The result is inventive, pleasing and poetic, but as insubstantial and quickly forgotten as an uneventful weekend. Paradoxically, the strength of Rist's work lies in its childlike playfulness and evocation of the fragile and short-lived - like her machine, for example, that produced giant, iridescent soap bubbles. This installation opens with a back garden which consists of a large mound of sand, suggesting sandcastles that can easily disintegrate and wash away. A makeshift tent, the kind a young boy might fashion from Indian blankets, tree branches and discarded bed sheets, implies a childlike and transient freedom and creativity.

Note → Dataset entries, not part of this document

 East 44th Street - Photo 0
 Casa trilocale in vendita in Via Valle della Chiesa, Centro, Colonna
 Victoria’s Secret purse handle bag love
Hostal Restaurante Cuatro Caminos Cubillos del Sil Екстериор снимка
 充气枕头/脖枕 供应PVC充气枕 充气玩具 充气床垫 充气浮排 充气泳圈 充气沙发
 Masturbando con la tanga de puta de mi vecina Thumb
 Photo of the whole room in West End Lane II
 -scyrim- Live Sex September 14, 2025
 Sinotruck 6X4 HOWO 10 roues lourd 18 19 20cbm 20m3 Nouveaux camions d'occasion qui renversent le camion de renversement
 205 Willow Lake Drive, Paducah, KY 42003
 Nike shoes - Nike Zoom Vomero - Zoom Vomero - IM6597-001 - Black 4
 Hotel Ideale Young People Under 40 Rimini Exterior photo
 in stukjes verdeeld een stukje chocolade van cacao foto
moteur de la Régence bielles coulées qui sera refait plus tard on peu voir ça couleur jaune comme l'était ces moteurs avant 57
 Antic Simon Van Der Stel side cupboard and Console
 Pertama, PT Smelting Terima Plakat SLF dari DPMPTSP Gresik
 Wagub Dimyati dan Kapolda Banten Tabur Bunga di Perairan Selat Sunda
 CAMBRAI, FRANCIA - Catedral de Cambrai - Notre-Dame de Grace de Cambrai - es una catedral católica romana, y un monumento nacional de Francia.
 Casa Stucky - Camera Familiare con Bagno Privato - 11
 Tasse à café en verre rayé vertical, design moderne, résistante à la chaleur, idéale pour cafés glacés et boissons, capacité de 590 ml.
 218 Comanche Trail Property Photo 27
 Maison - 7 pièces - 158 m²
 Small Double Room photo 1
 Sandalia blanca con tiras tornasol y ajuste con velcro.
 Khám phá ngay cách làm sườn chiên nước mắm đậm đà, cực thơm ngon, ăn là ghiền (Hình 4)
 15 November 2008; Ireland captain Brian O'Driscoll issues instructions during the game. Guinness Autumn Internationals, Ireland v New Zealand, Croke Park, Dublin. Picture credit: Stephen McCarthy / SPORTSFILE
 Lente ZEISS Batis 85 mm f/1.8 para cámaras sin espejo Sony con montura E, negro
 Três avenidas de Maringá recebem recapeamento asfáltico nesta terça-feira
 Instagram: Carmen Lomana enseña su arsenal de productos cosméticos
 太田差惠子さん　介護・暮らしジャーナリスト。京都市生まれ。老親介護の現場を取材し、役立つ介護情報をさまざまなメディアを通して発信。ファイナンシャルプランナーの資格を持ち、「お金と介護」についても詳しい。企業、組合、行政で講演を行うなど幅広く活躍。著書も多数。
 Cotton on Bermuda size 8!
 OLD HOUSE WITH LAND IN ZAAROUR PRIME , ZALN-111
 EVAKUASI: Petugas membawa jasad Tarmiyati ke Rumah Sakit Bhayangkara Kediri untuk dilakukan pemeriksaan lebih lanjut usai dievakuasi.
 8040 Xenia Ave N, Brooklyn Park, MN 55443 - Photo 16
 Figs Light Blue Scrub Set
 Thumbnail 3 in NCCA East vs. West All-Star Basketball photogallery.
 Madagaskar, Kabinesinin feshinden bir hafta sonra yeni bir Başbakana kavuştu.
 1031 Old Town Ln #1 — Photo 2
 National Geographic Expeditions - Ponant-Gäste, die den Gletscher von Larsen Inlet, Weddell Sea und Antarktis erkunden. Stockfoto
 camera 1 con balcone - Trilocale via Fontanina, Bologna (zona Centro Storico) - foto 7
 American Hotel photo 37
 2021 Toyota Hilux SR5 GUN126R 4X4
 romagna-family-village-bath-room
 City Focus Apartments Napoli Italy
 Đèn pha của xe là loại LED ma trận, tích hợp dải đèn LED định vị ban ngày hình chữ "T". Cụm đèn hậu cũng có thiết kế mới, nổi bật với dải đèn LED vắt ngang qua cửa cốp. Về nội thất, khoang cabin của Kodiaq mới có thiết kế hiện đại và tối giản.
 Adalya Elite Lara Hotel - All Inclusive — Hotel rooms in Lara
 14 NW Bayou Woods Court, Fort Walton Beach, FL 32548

Bathed in a warm, orange light, the living room is a jumble of flea-market paraphernalia, kitschy bric-a-brac and eclectic furniture. The colour evokes blood and infrared and make the invisible visible. Projected onto, inside and through the furniture - illuminating the label of a Scotch bottle on the bar, the side of a coffee table, a painting, a lampshade - are a dozen of Rist's video clips which look like luminous layers of diaphanous fabric floating around the space. Despite the intense material clutter, the room is as much a psychological space as a physical one. The videos' slow, uneven pacing is echoed in the rambling movements of the visitors. The unrelated fragments, combined with the random, informal arrangement of the furniture, inspire imaginative reverie.
Rist uses video like a virtuoso, not ironically, not subversively, but exploiting the medium's most beautiful and expressive components. Certain shots are breathtaking. Sensual, luminous and drenched in lush, distorted colour, she gracefully intertwines figurative and abstract elements until they dance a kind of ballet.
While the living room is by far the richest and most complex part of 'Remake of the Weekend', the most convincing and moving area is that of the bedroom, Extremitaten (wiech, wiech) (Extremities, gentle, gentle) (1999). The darkened space is illuminated by a random constellation of lopped-off human organs - breasts, penises, ears, noses - which float by, one by one, like planets. They seem as fragile as chimeras, while Rist chants monotonously in the background 'You are a molecule... I am a mammal...You are nothing, the king of nothing'. The room is a place of sex and confronting taboos, but also makes palpable our desire and our imperfections. Rist's work is at its most powerful when she touches on human fragility, mixing joy with the bittersweet.